(Task item)
What is needed is an exact copy of every entry below, with the pictures left out.

(Extracted material)
* * *

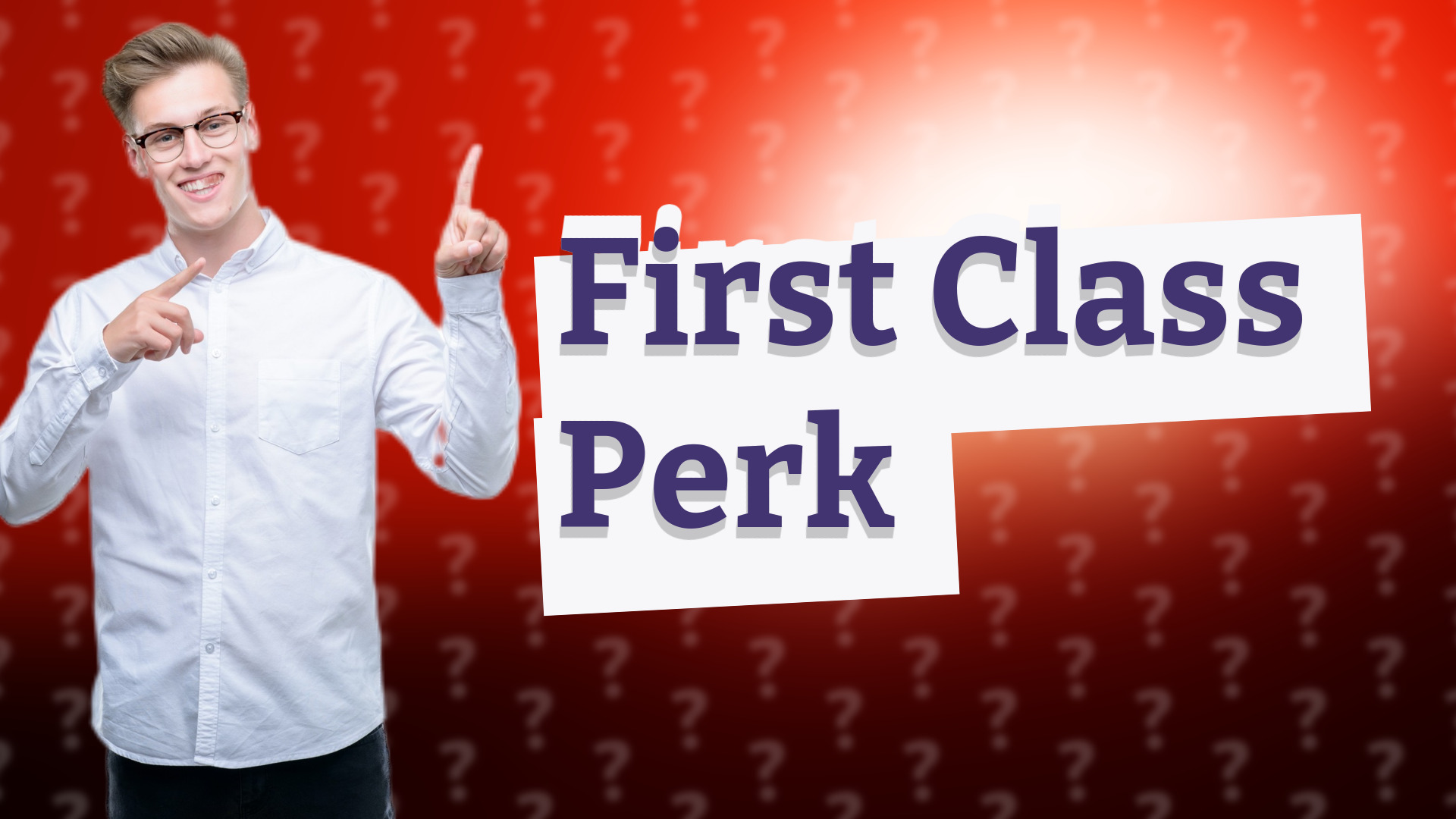 First Class Perk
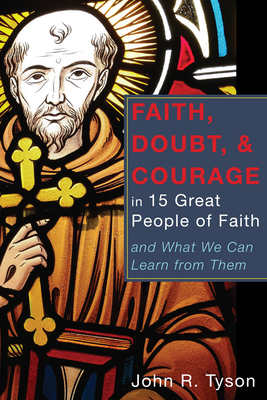 Faith, Doubt, and Courage in 15 Great People of Faith - Tyson, John R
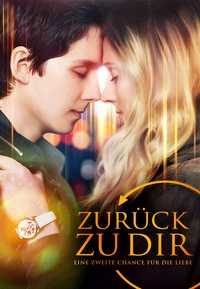 Zurück zu dir - Eine zweite Chance für die Liebe (Blu-ray)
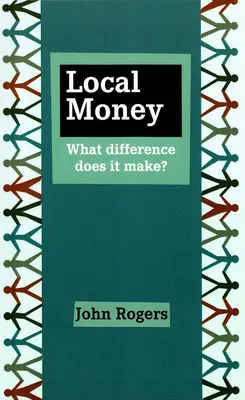 Pieniądze lokalne - jaka to różnica? - Local Money - What Difference Does it Make?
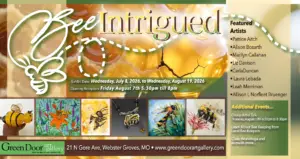 Bee Intrigued Exhibit Green Door Art Gallery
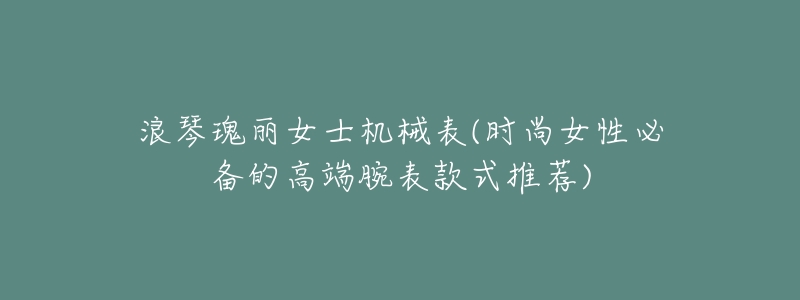 浪琴瑰丽女士机械表(时尚女性必备的高端腕表款式推荐)-名表号 浪琴瑰丽女士机械表(时尚女性必备的高端腕表款式推荐)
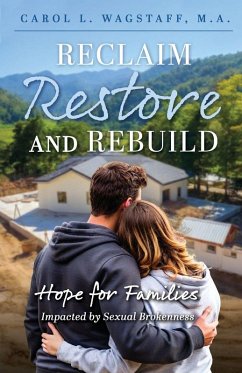Reclaim, Restore, and Rebuild - Wagstaff, M. A. Carol L. Reclaim, Restore, and Rebuild - Wagstaff, M. A. Carol L.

* * *

(Written answer)
 First Class Perk
 Faith, Doubt, and Courage in 15 Great People of Faith - Tyson, John R
 Zurück zu dir - Eine zweite Chance für die Liebe (Blu-ray)
 Pieniądze lokalne - jaka to różnica? - Local Money - What Difference Does it Make?
 Bee Intrigued Exhibit Green Door Art Gallery
 浪琴瑰丽女士机械表(时尚女性必备的高端腕表款式推荐)-名表号 浪琴瑰丽女士机械表(时尚女性必备的高端腕表款式推荐)
Reclaim, Restore, and Rebuild - Wagstaff, M. A. Carol L. Reclaim, Restore, and Rebuild - Wagstaff, M. A. Carol L.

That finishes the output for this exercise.